With the release of the national China VII standards for heavy diesel vehicles, NO_x and particulate emission requirements are more stringent than before. In order to meet the requirements of the standard, vehicle emission control technology has become more mature, including the after-treatment and OBD technology. China VII standards include stricter OBD restrictions and more comprehensive monitoring items, as well as increased in-use performance monitoring rate (IUPR) requirements for in-use monitoring frequency. On 24 June 2008, the Ministry of Environmental Protection issued the “Technical Requirements for Compression Ignition and Gaseous Fuel Ignition Engines and Vehicle On-board Diagnostic (OBD) System”, which has been effective since 1 July 2008. According to the requirements of the regulations, the OBD system shall be employed as a requirement of China IV and China V certification. The NO_x controls are implemented in the China IV and VI emission stages. On 1 December 2017, Beijing issued the “Exhaust Pollutant Emission Limits and Measurement Methods of Heavy Duty Vehicles (OBD Law IV, Stage IV)”, in which the technical requirements, including the test methods, diagnostic signal techniques, the terminal of the online monitoring system and the communication data format for heavy vehicle emissions, are clearly specified [14,15].

2.3. Data Status

The OBD data have been mainly used for purposes including enterprise supervision by the government, as well as energy consumption and emissions management for enterprises [16,17,18]. For example, one of the data sources for the online monitoring platform of the Ministry of Transport and Communications for operating vehicles comes from the OBD data. The main data items that can be collected based on the OBD technique are as follows: speed, atmospheric pressure, net benchmark engine maximum torque and engine output torque, friction torque, engine speed sensor output, engine fuel flow, inlet temperature and outlet temperature of the SCR, pressure difference in DPF, the inflow gas volume, liquid level, the engine coolant temperature, latitude and longitude, NO_x concentration, MIL light condition, fault code, fault code information list, diagnosis support status, diagnosis ready status, vehicle identification code, standard identifier, calibration verification code, and other data [19,20].

However, the quality of the data collected is generally not good enough to accurately identify the possible excessive emissions in many situations. There are phenomena of partial or total missing fields in different degrees, which affect the determination of the vehicles’ emissions in the monitoring stage.

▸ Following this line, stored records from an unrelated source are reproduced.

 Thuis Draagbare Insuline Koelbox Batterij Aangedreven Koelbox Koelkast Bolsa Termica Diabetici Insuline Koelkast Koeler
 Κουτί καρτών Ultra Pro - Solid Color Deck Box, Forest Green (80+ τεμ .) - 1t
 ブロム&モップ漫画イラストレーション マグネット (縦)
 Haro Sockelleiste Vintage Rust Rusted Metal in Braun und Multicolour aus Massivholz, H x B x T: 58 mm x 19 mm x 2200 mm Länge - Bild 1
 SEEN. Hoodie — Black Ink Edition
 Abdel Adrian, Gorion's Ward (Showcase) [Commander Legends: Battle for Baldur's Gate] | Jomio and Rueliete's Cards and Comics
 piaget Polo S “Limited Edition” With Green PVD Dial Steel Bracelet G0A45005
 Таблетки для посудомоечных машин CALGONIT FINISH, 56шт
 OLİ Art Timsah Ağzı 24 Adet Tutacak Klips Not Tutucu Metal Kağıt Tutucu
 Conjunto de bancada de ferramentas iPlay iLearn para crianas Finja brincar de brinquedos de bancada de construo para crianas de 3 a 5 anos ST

3. The Overview of the Process to Determine Excessive Emission

As shown in Figure 1, the framework of the approach proposed for determining excessive emissions mainly consist of two parts, namely data repairing and excessive emission determination. The raw data from the OBD system is firstly accessed in terms of data quality. If there is a serious problem with the raw data, such as missing values or abnormal values, a repairing process will be performed to screen the possible abnormal values and impute missing data. Although it is also desired to filter the possible noise during the data repairing process, determining and filtering noise is often time-consuming and there is a risk that useful information embedded may be filtered out. Therefore, we removed this operation during the data repairing stage and integrated it into the process of excessive emission determination. To identify the possible excess in the emission, we have developed three methods with different de-noising characteristics, which will be introduced in detail in Section 6. Although the OBD data is normally generated on a second basis, it is meaningless to directly use the instant value to determine the possibility of excessive emissions. Therefore, the so-called moving window technique is adopted in this study and a set of instant data over a predefined period (i.e., an observation window) is used to generate an aggregated result to estimate the emission level. This process continues by moving to the next set of data, including newly obtained data and excluding the most out-of-date data.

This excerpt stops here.